Bu, daktilosunu bırakmayan “eski” gazetecilerin bir türlü bilgisayara geçememesi gibi bir süreç. Sonunda herkes internet medyasına başvurmak ve her şeyi oradan sorgulamak zorunda kalacak.

Kağıdın insanın burnunu sızlatan o müthiş kokusu yavaşça yerini yeni alınmış bir buzdolabı kokusuna bırakacak, kaçınılmaz.

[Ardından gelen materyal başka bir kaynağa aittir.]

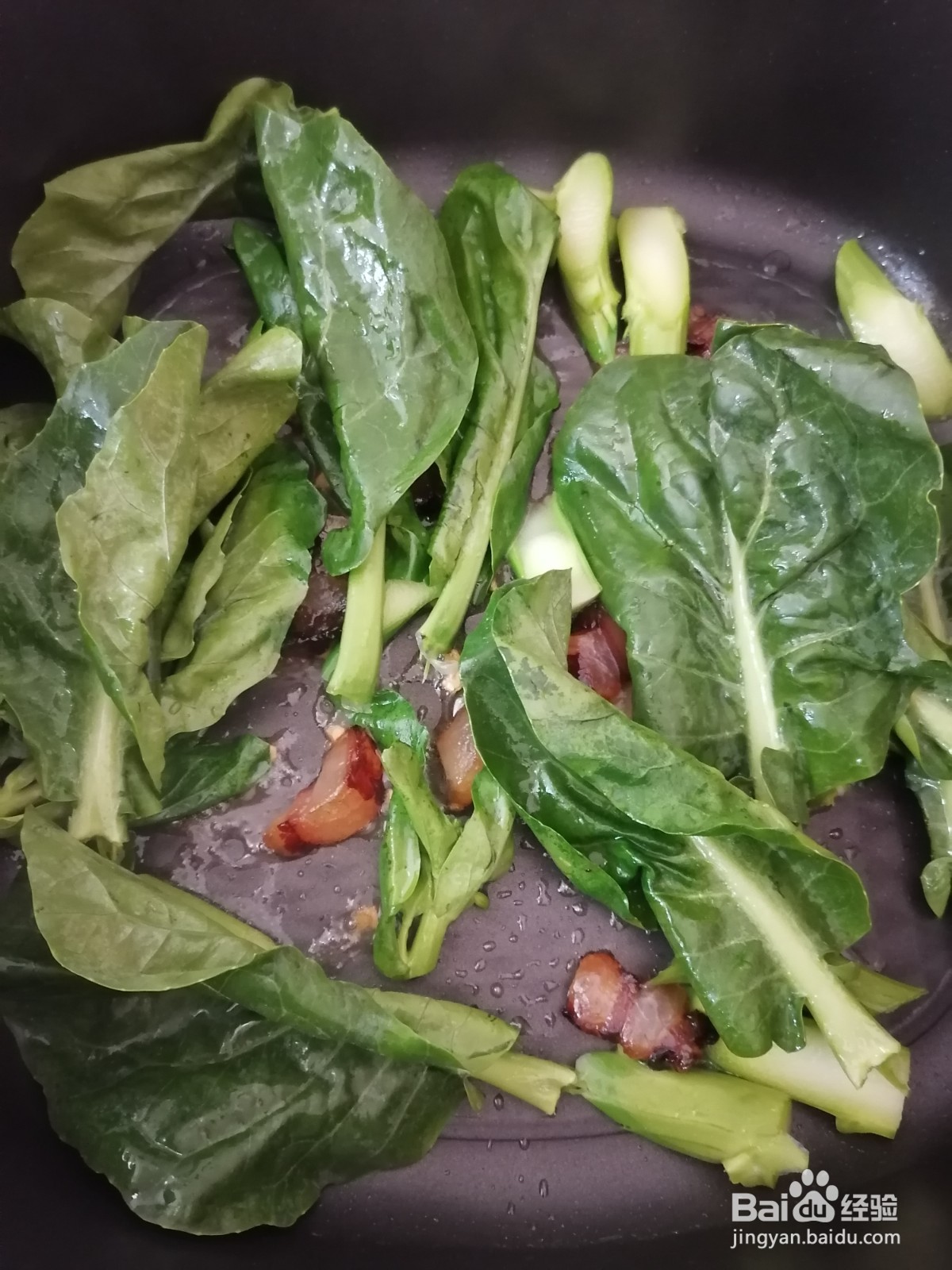 芥蓝炒腊肉糙米饭-心情便当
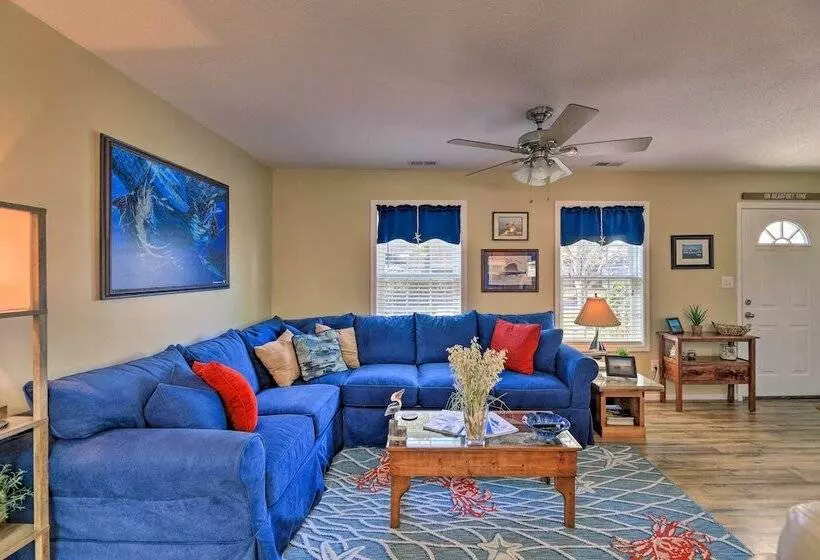 Beaufort Pad W/ Patio: 3 Blocks To Waterfront!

Gazeteyi kendinden uzak tutmakta özen gösteren herkese Sol portalı desteklemeye davet ediyorum. Haber alma özgürlüğünü sinek avlar gibi tek tek ele geçiren muktedirler, kapanan her gazetenin bir sosyal güç olarak yeniden doğuşunu engelleyemeyecekler. Türkiye her açıdan makas değiştiriyor.

Gazete tirajlarına bakarak Türkiye’nin siyasi haritasını çizme olanağı yok elbette, hatta imkansız. Okuma alışkanlığının giderek azaldığı bu kaos döneminde başta Gezi direnişini yaşamış 8 milyon insan olmak üzere, tüm toplumun kendini artık sosyal medyaya kanalize edeceği çok açık.

Örgütlenmenin tek açık kapısı sosyal medya şu aşamada. Nasıl ki 19. yüzyılda, geçtiğimiz yüzyılın üç çeyreğinde şiirler, öyküler elden ele dolaşarak
insanlara ulaşıyorsa, şimdi de tüm kirliliğine, yönlendirme çabasına rağmen internet medyası ağırlığını gösteriyor, muktedirler ne yaparlarsa yapsınlar çare bulamıyorlar.

Bugün grup toplantıları vardı ve Bülent Arınç’ın verdiği ipucuna göre, Güneydoğu’da güvenlik güçlerinin ne yapacağıyla ilgili Tayyip Erdoğan’ın önemli
açıklamalar yapacağını belirtmişti. Yazımı da buna göre şekillendirmeyi düşünüyordum açıkçası.

Önemi kalmadı. Tahmin etmenin mümkün olduğu bir “uçuk” gündem saptırmasını yorumlamaya çalışmaklabir ömür tükettik, bir eksik bir fazla,
önemsiz.

Gün, yeniden umutlanma günüdür.

Başka ortamlarda yeniden buluşmak dileğiyle.